Data supplied
-*-*-

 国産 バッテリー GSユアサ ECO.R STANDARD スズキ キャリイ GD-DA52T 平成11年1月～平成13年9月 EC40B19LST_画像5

-*-*-

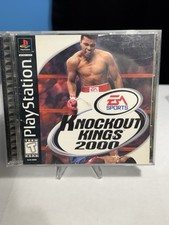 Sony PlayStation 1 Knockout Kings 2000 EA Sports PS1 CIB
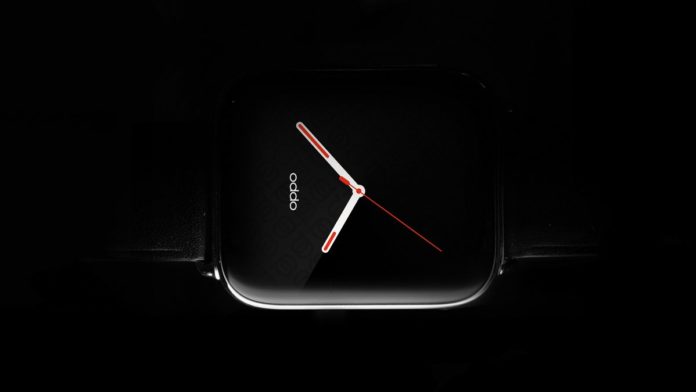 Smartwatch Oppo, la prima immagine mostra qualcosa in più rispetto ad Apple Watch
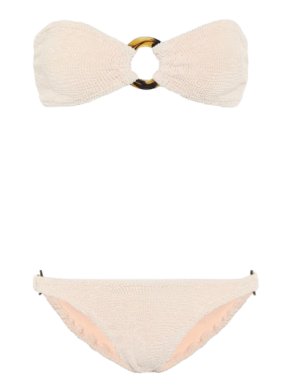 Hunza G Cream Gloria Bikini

-*-*-

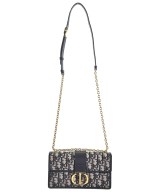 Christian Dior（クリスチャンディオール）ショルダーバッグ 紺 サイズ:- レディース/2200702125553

-*-*-

Task to carry out
Would you restate, exactly and with no pictures, the lines of the entries above from the one containing "Smartwatch Oppo, la" through the one containing "Hunza G Cream Gloria Bikini"?

Written solution
 Smartwatch Oppo, la prima immagine mostra qualcosa in più rispetto ad Apple Watch
 Hunza G Cream Gloria Bikini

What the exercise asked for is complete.